Entre figuras histórias, romances trágicos e instrumentos orgânicos, a cantora norte-americana entregou o melhor - e mais denso - disco da carreira até agora
Nicolle Cabral Publicado em 08/09/2019, às 16h00
Em um primeiro momento, o piano ressoa. E durante uma hora e sete minutos, o instrumento orgânico conduz uma atmosfera densa - e incrívelmente sensível - para que Lana Del Rey flutue no disco Norman fucking Rockwell, lançado no dia 30.
O quinto álbum de estúdio da cantora norte-americana nos apresenta, da forma mais sofisticada, a curadoria instrumental escolhida a dedo ao lado do produtor Jack Antonoff, nome por trás de álbuns de grandes artistas da indústria do pop como Taylor Swift e Lorde.
Os violões, o baixo e o piano evocam os ventos de uma praia nos anos 1970 nos Estados Unidose os vocais de Del Rey guiam exatamente até os pontos da história sobre a qual ela quer narrar.

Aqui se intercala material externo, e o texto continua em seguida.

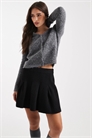 Мини-юбка из гофрированного трикотажа артикул 147199400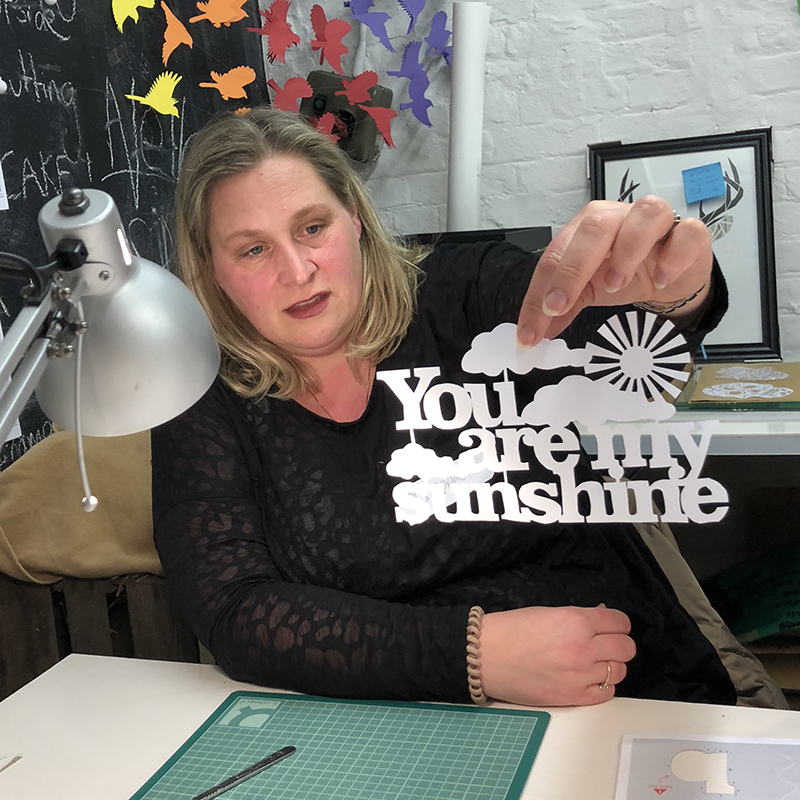 phillipa cutting you are my sunshine from paper
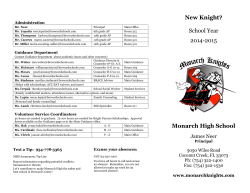 New Knight? - Monarch Knights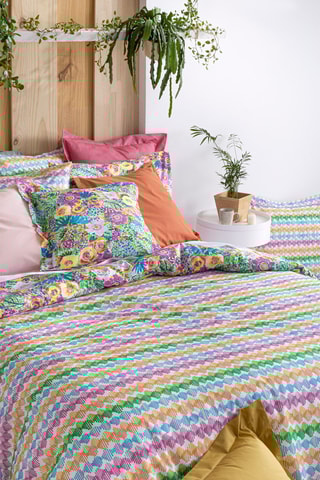 Housse de couette en coton 57 fils/cm² Lola - Multicolore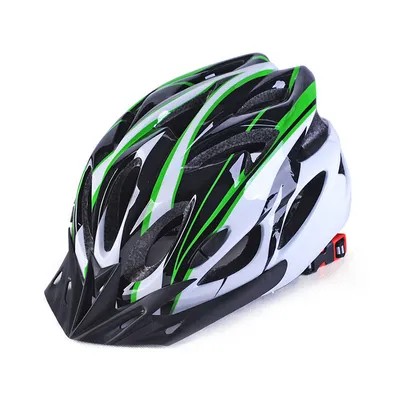 Imagen del producto de Casco de bicicleta de alta calidad, para máxima seguridad y comodidad, color blanco y verde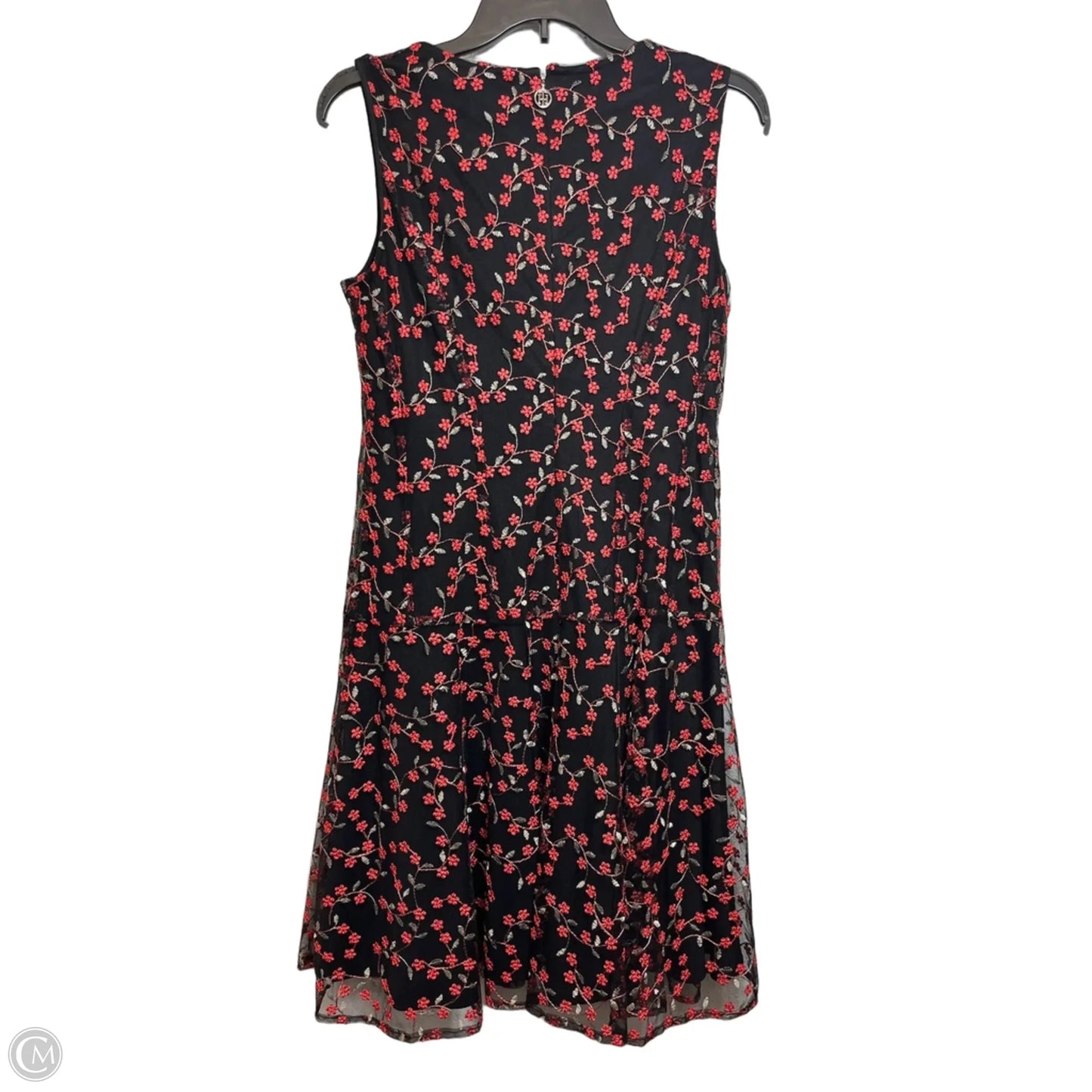 Dress Casual Short By Tommy Hilfiger In Black & Red, Size: 8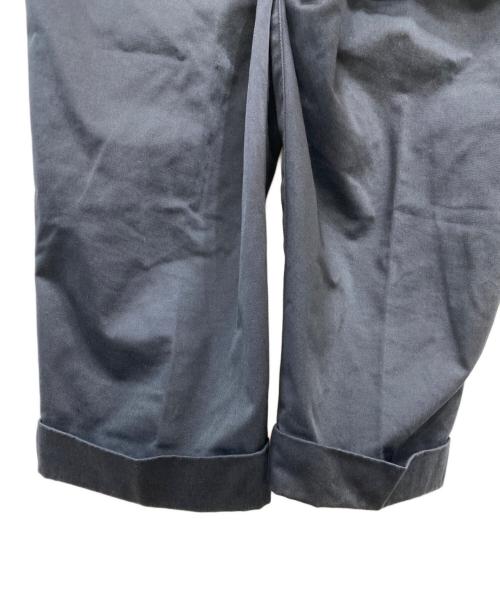 CAHLUMN（カウラム）CAHLUMN (カウラム) TC Twill 1 Tuck Pants ネイビー サイズ:XLの古着・服飾アイテム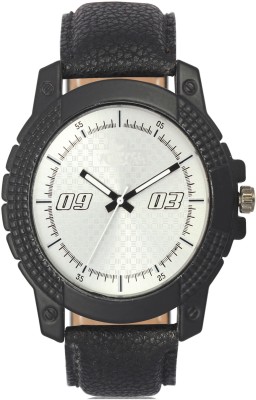 FASHION POOL VOLGA MEN'S WATER PROOF WATCH WITH A UNIQUE DIAL SHAPE WITH SILVER BLACK COLOR COMBINATION FESTIVAL SPECIAL ANTI ALLERGIC LEATHER BELT WATCH FOR PROFESSIONAL & CASUAL WEAR Watch  - For Boys   Watches  (FASHION POOL)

O romance trágico e a melancolia são temas presentes, mas, nesse registro em especial, a artista consegue criar um cenário com noções históricas e musicais, da decadência que está sendo vivida nos Estados Unidos no século 21 - imerso de violência e retrocessos - e revelar o retrato do que é sobreviver enquanto esses destroços caem em nossa volta.
Mergulhada no imaginário da Califórnia, Del Rey apresenta referências artísticas e geográficas do estado e evidencia quem ela levou para um passeio de veleiro durante as 14 faixas do disco. Lendas da música como Beach Boys, John Lennon, Joni Mitchell, David Bowie e Led Zeppelin são alguns desses.
A figura principal da narrativa - e que dá nome ao álbum - Norman Rockwell, foi um artista norte-americano e Del Rey se inspira na figura desse homem para criar um personagem. Poeta e arrogante, a cantora o descreve como alguém que não merece mais o seu amor.
"Você me f*deu tão bem que eu quase disse: ‘eu te amo’ / Você é divertido e selvagem / Mas você não sabe metade da merda que você me fez passar", canta na faixa homônima.
Na faixa seguinte, "Mariners Apartment Complex", a história de amor ganha outra perspectiva no momento em que o eu-lírico de Del Rey tenta se desfazer dessa desilusão.
"Eu sou o raio, o relâmpago, o trovão / O tipo de garota que vai te fazer pensar / Sobre quem você é e quem você foi."
Del Rey demonstra uma tremenda evolução como compositor ao chegar em Norman Fucking Rockwell. A faixa "The greatest", por exemplo, espelha o sentimento pessimista que a embala em relação aos Estados Unidos - e ao atual presidente, Donald Trump - e reflete sobre as questões do aquecimento global.
Tudo isso de forma concisa e melancólica.
A potência vocal de Del Rey é sofisticada. A cantora tem uma habilidade tremenda de modular a voz para os sussurros, suspiros, falsetes e faz tudo em momentos muito certeiros. O fato, combinado as poesias cantadas e embriagadas pelos arranjos, cria uma atenção particular para ela.
"Fuck it I Love You", que faz referência ao clássico jazz "Dream a Little Dream of Me" da Ella Fitzgerald, é um dos pontos altos do disco. O cover de "Doin' Time" do Sublime, "California", "Bartender" e a sutileza de "Happiness is a Butterfly", cujo em um verso da música já nos anuncia que Del Rey "era uma coisa, mas agora é outra", deixam a evolução muito clara.
"Venice Bitch", a faixa com maior duração do disco - chega aos 9 minutos e 37 segundos -, foi tachada como desnecessária pela crítica especializada por perdurar em solos instrumentais.
No entanto, a música estabelece a primeira viagem psicodélica do disco e faz isso de forma curiosa - como se o Oceano Pacífico fosse logo ali. Com isso, a música prepara para a Lana Del Rey que está por vir nas próximas faixas do álbum.
Ao final, quando entrega uma narrativa sólida, de forma primorosa, Del Rey encerra o disco com a música "Hope is a Dangerous Thing For a Woman Like Me to Have - But I Have It" que condensa todas as emoções que esse novo projeto nos transmite. Sensível, revisita a América, o mal estar da sociedade, os amores, os bares e a liberdade tornando todas as referências escolhidas por ela onipresentes na obra.